L’Albanie a frappé fort. En intronisant Diella, ministre virtuelle en charge des marchés publics, le Premier ministre Edi Rama signe une première mondiale et propulse son pays dans l’ère de la politique augmentée par l’intelligence artificielle. Mais derrière l’innovation, c’est la nature même du pouvoir qui se trouve questionnée.
En confiant à une IA la supervision des marchés publics, Rama cherche à tourner la page d’une corruption chronique qui mine son pays depuis des décennies. Le signal est limpide : à Bruxelles, où l’adhésion de l’Albanie à l’Union européenne reste suspendue à des réformes concrètes, Tirana veut apparaître comme un élève modèle. Diella devient le symbole numérique d’une promesse européenne.
Mais ce coup d’éclat est aussi un calcul politique intérieur. Rama impose un récit : celui d’un dirigeant visionnaire, modernisateur, qui prend de vitesse une opposition engluée dans ses propres scandales.
Reste que cette nomination soulève des questions démocratiques de fond. Qui programme Diella ? Qui valide ses arbitrages ? Et surtout, qui assume la responsabilité politique de ses erreurs ou de ses biais ?
Car l’intelligence artificielle n’est jamais neutre : elle reflète les données sur lesquelles elle a été entraînée et les intentions de ceux qui la contrôlent. Derrière l’apparente objectivité se cache donc une centralisation accrue du pouvoir.

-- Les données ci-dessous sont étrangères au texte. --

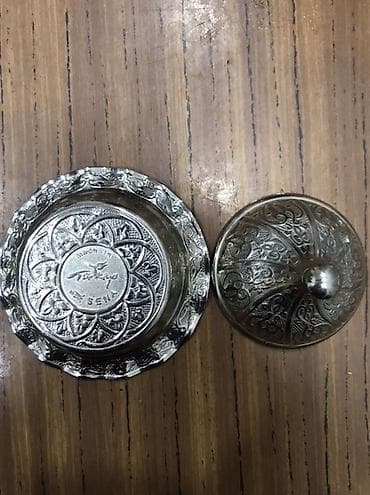 gumus qablar: Türkiyədə istehsal olunmuş, qapaqlı metal lokum/qənd qabı - Material — 3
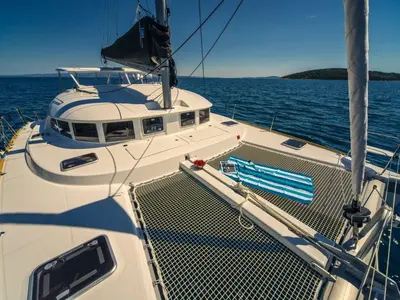 Queen Mia, a Lagoon 380 catamaran at Grad Biograd na Moru, Croatia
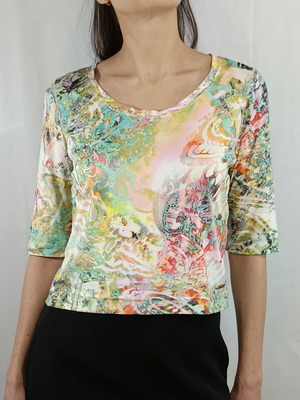 Joseph Ribkoff blouse multicolor with abstract pattern like new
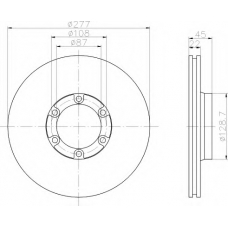 8DD 355 120-001 HELLA Тормозной диск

L’Albanie se présente ainsi comme un laboratoire démocratique à ciel ouvert. Si l’expérience réussit, elle pourrait inspirer d’autres gouvernements en quête de légitimité. Mais si elle échoue, elle révélera les dangers d’une illusion technologique qui remplace la responsabilité politique par l’opacité algorithmique.
En pariant sur Diella, Edi Rama joue bien plus qu’un simple coup médiatique. Il engage son pays dans un pari historique : peut-on gouverner avec des algorithmes sans affaiblir la démocratie ?
La réponse conditionnera non seulement l’avenir politique de son gouvernement, mais aussi l’image de l’Albanie sur la scène européenne.
Une chose est sûre : avec Diella, la frontière entre pouvoir humain et pouvoir numérique est désormais brouillée. Et c’est là que commence le vrai débat.